# Merging data
Here, you'll learn all about merging pandas DataFrames. You'll explore different techniques for merging, and learn about left joins, right joins, inner joins, and outer joins, as well as when to use which. You'll also learn about ordered merging, which is useful when you want to merge DataFrames whose columns have natural orderings, like date-time columns.

# 1. Merging DataFrames
### 1.1 Merging company DataFrames
Suppose your company has operations in several different cities under several different managers. The DataFrames `revenue` and `managers` contain partial information related to the company. That is, the rows of the `city` columns don't quite match in `revenue` and `managers` (the Mendocino branch has no revenue yet since it just opened and the manager of Springfield branch recently left the company).

The DataFrames have been printed in the IPython Shell. If you were to run the command `combined = pd.merge(revenue, managers, on='city')`, how many rows would `combined` have?

In [1]:
import pandas as pd

revenue = pd.DataFrame({"city": ["Austin", "Denver", "Springfield"], "revenue": [100, 83, 4]})
revenue
managers = pd.DataFrame({"city": ["Austin", "Denver", "Mendocino"], "manager": ["Charlers", "Joel", "Brett"]})
managers

Unnamed: 0,city,manager
0,Austin,Charlers
1,Denver,Joel
2,Mendocino,Brett


In [2]:
managers = pd.DataFrame({"city": ["Austin", "Denver", "Mendocino"], "manager": ["Charlers", "Joel", "Brett"]})
managers

Unnamed: 0,city,manager
0,Austin,Charlers
1,Denver,Joel
2,Mendocino,Brett


#### Possible Answers
1. 0 rows.
2. 2 rows.
3. 3 rows.
4. 4 rows.

#### Answer:
Since the default strategy for `pd.merge()` is an _inner join_, `combined` will have 2 rows.

### 1.2 Merging on a specific column
This exercise follows on the last one with the DataFrames `revenue` and `managers` for your company. You expect your company to grow and, eventually, to operate in cities with the same name on different states. As such, you decide that every branch should have a numerical branch identifier. Thus, you add a `branch_id` column to both DataFrames. Moreover, new cities have been added to both the `revenue` and `managers` DataFrames as well. 
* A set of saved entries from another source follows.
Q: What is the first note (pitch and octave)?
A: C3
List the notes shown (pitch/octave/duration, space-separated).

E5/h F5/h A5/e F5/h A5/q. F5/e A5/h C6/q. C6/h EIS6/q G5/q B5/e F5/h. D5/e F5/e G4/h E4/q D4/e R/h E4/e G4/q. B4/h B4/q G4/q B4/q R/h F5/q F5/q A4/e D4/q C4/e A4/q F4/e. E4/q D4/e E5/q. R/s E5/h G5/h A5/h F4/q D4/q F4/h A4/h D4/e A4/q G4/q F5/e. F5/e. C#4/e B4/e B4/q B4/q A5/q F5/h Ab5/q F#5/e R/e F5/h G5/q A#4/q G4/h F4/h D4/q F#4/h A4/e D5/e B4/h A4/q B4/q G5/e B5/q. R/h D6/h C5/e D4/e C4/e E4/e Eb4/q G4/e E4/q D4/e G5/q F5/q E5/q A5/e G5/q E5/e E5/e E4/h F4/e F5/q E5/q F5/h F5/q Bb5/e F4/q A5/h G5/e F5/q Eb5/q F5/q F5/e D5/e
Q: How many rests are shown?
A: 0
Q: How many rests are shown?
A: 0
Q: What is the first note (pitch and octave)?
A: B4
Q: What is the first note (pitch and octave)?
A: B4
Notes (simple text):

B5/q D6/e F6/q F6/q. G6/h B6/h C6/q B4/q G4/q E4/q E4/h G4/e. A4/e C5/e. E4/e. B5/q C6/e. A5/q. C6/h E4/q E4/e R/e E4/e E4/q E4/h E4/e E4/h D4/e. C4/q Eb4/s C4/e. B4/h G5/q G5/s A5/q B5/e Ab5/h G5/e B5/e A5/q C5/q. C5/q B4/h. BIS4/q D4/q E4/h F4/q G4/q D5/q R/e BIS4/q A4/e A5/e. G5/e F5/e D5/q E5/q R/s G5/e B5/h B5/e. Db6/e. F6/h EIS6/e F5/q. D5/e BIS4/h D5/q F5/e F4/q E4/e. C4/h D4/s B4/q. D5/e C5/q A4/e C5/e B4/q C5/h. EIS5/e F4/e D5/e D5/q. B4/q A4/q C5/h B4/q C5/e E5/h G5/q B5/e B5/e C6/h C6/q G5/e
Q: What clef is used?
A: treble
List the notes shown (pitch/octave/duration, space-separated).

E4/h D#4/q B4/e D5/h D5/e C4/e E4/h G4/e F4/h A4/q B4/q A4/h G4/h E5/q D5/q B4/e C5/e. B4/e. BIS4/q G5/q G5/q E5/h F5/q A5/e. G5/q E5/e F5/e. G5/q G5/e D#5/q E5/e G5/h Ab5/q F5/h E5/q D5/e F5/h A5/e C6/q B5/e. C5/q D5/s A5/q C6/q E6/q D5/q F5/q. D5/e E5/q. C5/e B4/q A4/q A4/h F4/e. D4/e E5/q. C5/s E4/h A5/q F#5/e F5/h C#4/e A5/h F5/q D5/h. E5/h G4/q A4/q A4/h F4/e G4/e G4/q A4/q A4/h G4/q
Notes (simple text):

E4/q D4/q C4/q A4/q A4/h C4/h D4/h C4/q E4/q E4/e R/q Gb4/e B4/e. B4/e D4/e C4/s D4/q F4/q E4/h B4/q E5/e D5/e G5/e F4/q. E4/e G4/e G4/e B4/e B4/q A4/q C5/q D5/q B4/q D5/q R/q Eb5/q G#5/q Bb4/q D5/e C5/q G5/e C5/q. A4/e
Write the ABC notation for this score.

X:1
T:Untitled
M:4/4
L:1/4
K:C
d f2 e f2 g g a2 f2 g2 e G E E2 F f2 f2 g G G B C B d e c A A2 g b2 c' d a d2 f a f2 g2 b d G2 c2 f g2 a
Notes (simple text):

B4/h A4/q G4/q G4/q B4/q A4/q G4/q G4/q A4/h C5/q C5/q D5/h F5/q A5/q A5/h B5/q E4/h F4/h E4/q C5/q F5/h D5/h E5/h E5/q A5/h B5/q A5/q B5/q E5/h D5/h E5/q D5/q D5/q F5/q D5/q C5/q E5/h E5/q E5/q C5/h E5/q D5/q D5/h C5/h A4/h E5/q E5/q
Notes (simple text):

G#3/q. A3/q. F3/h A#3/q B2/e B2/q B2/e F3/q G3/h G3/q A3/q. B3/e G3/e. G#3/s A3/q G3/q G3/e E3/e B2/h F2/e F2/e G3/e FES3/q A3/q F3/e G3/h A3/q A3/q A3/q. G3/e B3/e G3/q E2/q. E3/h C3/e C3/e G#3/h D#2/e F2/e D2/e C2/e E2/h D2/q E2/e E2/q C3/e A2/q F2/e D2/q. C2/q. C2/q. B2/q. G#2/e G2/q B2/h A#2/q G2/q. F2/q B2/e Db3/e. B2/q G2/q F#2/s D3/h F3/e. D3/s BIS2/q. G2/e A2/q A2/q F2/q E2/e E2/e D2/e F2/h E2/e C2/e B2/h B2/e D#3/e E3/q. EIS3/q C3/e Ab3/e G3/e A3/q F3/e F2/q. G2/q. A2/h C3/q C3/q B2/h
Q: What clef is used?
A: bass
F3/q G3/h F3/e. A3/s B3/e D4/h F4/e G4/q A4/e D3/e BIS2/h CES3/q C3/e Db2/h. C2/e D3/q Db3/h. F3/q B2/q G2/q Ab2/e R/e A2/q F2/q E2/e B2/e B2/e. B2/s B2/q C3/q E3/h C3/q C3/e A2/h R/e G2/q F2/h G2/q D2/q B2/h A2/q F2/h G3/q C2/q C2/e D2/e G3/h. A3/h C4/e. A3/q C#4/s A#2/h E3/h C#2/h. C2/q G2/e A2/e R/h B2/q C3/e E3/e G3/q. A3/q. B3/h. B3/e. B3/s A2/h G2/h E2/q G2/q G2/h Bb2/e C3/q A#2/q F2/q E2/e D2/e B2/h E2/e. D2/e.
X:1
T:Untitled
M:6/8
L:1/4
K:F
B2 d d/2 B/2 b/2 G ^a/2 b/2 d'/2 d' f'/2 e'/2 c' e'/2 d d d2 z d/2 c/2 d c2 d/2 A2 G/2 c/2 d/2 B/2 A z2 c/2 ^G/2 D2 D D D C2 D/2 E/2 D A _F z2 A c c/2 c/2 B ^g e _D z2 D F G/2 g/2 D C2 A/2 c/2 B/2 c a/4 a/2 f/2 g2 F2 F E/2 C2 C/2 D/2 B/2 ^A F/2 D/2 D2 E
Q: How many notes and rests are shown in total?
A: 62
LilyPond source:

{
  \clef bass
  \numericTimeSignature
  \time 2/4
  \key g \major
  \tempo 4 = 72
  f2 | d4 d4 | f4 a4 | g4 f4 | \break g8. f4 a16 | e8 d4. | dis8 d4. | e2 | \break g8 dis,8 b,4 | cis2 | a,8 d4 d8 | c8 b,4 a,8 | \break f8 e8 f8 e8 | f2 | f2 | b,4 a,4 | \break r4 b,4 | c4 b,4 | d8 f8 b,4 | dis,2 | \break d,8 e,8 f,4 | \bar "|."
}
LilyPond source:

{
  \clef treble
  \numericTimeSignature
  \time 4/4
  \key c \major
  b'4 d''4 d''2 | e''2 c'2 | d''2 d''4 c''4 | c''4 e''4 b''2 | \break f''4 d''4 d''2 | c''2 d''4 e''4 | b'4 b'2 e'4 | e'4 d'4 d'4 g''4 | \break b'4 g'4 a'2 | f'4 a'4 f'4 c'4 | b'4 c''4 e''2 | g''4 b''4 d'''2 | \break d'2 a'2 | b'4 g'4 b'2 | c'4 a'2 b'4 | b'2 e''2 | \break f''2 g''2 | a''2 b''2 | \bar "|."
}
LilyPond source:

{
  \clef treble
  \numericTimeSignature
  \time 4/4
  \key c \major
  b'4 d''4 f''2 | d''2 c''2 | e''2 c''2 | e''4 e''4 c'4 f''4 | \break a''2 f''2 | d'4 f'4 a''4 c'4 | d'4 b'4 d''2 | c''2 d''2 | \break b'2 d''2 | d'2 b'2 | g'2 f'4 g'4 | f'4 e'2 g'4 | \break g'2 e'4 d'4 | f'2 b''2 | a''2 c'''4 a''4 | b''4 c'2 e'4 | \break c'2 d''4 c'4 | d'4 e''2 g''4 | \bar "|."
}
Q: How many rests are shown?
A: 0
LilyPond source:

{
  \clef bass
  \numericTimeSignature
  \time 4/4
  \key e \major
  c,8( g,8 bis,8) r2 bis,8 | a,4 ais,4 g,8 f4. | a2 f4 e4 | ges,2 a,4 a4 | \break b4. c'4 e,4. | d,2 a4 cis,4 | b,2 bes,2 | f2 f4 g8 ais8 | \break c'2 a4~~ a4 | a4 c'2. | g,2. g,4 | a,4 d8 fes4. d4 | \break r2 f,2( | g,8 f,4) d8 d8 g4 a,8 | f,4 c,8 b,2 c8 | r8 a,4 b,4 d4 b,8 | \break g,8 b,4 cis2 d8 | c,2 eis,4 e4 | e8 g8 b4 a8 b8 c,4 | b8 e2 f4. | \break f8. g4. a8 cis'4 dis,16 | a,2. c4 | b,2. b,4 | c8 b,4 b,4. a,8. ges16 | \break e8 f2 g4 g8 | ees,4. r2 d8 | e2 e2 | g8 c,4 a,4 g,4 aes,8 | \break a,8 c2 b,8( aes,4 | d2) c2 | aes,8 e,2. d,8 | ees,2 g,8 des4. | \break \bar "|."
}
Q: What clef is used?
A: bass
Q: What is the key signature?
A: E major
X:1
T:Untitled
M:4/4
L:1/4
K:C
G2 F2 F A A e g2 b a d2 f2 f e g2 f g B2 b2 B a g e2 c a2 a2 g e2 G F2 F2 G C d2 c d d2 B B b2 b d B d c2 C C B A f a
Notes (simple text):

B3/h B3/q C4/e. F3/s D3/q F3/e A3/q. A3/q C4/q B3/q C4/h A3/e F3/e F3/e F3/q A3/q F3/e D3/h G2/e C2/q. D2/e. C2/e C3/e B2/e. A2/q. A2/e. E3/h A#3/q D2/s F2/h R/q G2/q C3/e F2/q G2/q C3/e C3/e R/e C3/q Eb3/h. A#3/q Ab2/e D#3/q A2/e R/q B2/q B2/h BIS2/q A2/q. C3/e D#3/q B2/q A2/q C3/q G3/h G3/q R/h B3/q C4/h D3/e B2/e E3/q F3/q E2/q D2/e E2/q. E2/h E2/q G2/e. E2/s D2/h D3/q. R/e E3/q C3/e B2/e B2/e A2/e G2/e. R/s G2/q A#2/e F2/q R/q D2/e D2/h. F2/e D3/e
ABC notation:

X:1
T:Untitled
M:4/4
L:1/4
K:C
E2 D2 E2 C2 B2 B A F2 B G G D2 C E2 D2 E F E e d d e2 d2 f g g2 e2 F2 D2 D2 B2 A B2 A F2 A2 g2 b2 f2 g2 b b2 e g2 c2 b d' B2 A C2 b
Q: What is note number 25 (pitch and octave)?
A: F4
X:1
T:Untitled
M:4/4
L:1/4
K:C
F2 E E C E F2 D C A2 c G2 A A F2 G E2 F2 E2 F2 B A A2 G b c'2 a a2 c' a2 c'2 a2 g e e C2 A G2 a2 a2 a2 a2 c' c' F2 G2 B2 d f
At present, there should be a 1-to-1 relationship between the `city` and `branch_id` fields. In that case, the result of a merge on the `city` columns ought to give you the same output as a merge on the `branch_id` columns. Do they? Can you spot an ambiguity in one of the DataFrames?

### Instructions:
* Using `pd.merge()`, merge the DataFrames `revenue` and `managers` on the `'city'` column of each. Store the result as `merge_by_city`.
* Print the DataFrame `merge_by_city`. 
* Merge the DataFrames `revenue` and `managers` on the `'branch_id'` column of each. Store the result as `merge_by_id`.
* Print the DataFrame `merge_by_id`.

In [3]:
revenue = pd.DataFrame({"city": ["Austin", "Denver", "Springfield", "Mendocino"],
                        "branch_id": [10, 20, 30, 47],
                        "revenue": [100, 83, 4, 200]})
managers = pd.DataFrame({"city": ["Austin", "Denver", "Mendocino", "Springfield"],
                        "branch_id": [10, 20, 47, 31],
                        "manager": ["Charles", "Joel", "Brett", "Sally"]})

In [4]:
# Merge revenue with managers on 'city': merge_by_city
merge_by_city = pd.merge(revenue, managers, on='city')

# Print merge_by_city
merge_by_city

Unnamed: 0,city,branch_id_x,revenue,branch_id_y,manager
0,Austin,10,100,10,Charles
1,Denver,20,83,20,Joel
2,Springfield,30,4,31,Sally
3,Mendocino,47,200,47,Brett


In [5]:
# Merge revenue with managers on 'branch_id': merge_by_id
merge_by_id = pd.merge(revenue, managers, on='branch_id')

# Print merge_by_id
merge_by_id

Unnamed: 0,city_x,branch_id,revenue,city_y,manager
0,Austin,10,100,Austin,Charles
1,Denver,20,83,Denver,Joel
2,Mendocino,47,200,Mendocino,Brett


Notice that when you merge on `'city'`, the resulting DataFrame has a peculiar result: In row 2, the city Springfield has two different branch IDs. This is because there are actually two different cities named Springfield - one in the State of Illinois, and the other in Missouri. The `revenue` DataFrame has the one from Illinois, and the `managers` DataFrame has the one from Missouri. Consequently, when you merge on `'branch_id'`, both of these get dropped from the merged DataFrame.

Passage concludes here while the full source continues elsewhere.